I started going through my email inbox, handling the more urgent ones first. I looked at my meetings for tomorrow and thankfully none of them required much planning or prep. Good. I didn’t feel much like working later tonight, especially after a couple of cocktails in me.

I looked out my office window and thought about my new job. I was moving out of the world of Marketing IT; I was now a Digital Relationship Marketing Manager. My mission in life, for the unforeseeable future, would be to drive online integrated marketing programs for the next big launch of our world famous operating system. It sounded seriously frightening and a part of me wondered what the hell I was thinking.

At the age of twenty-nine, working at MS on the global launch of Portals 8, was exactly where I wanted to be in my career. It was a dream opportunity. Even though I’ve been here for seven years, my experience has primarily been in IT program management, not marketing. I was content in my previous role, but I needed a change of scenery. Marketing was more dynamic, more fun, and let’s face it, Marketing’s where all the action is. Besides, it would help take my mind off of Andrew.

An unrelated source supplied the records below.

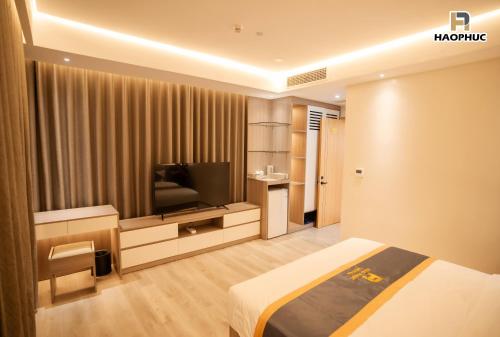 a hotel room with a bed and a flat screen tv at Hào Phúc Hotel 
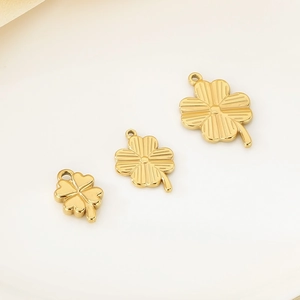 Detailed view of three golden stainless steel four-leaf clover pendants in various sizes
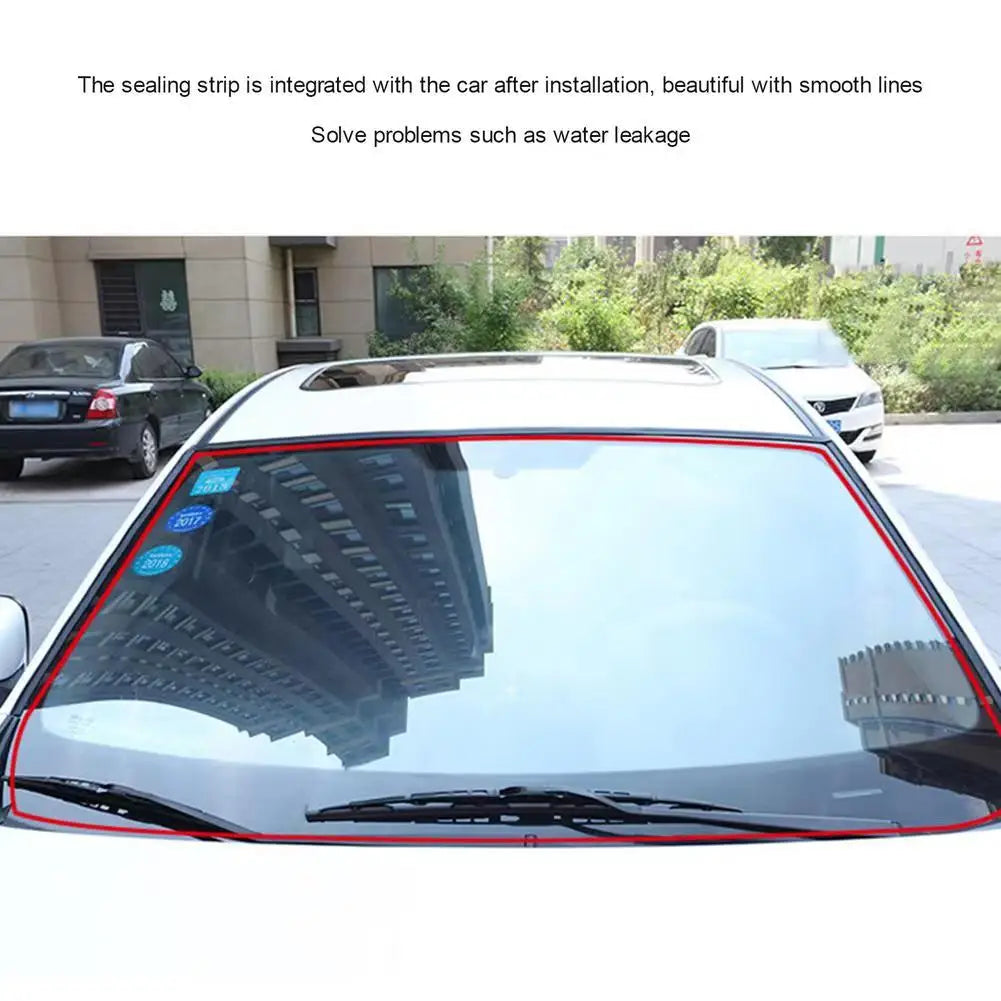 Close-up view of a car window rubber sealing strip installed on a vehicle windshield.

I liked to think that I made it as far as I have due to hard work and people recognizing all that I have to offer. In reality, I think some of it’s also luck. I’ve always had my professional career mapped out in my brain; I always tried to think two jobs ahead and consciously worked on making appropriate career choices along the way. Fortunately, things usually worked out in my favor. I never had much difficulty in my professional life. When it came to my career, things always fell into place somehow. My career was something I could control; it was something that I had always felt confident about.

The duct tape on my laptop, which was keeping my battery attached, was picking up more lint. Time to change the baby’s bandage. I found my thoughts drifting back to my unexpected encounter with the beautiful, blue-eyed stranger. Over the last several days, I’d thought about him often. His soulful and penetrating eyes were difficult to forget. Since I ran off so quickly, I never got his name. I was resigned to the fact that I’d likely never see him again and for some reason that made me a little sad. I inhaled a deep breath and sighed loudly.

Unlike my career, my love life was all about failed relationships and missed opportunities. I was so focused on getting to my interview I couldn’t even remember to ask a hot guy for his name after he hit me with his car—how was I ever going to find a husband?!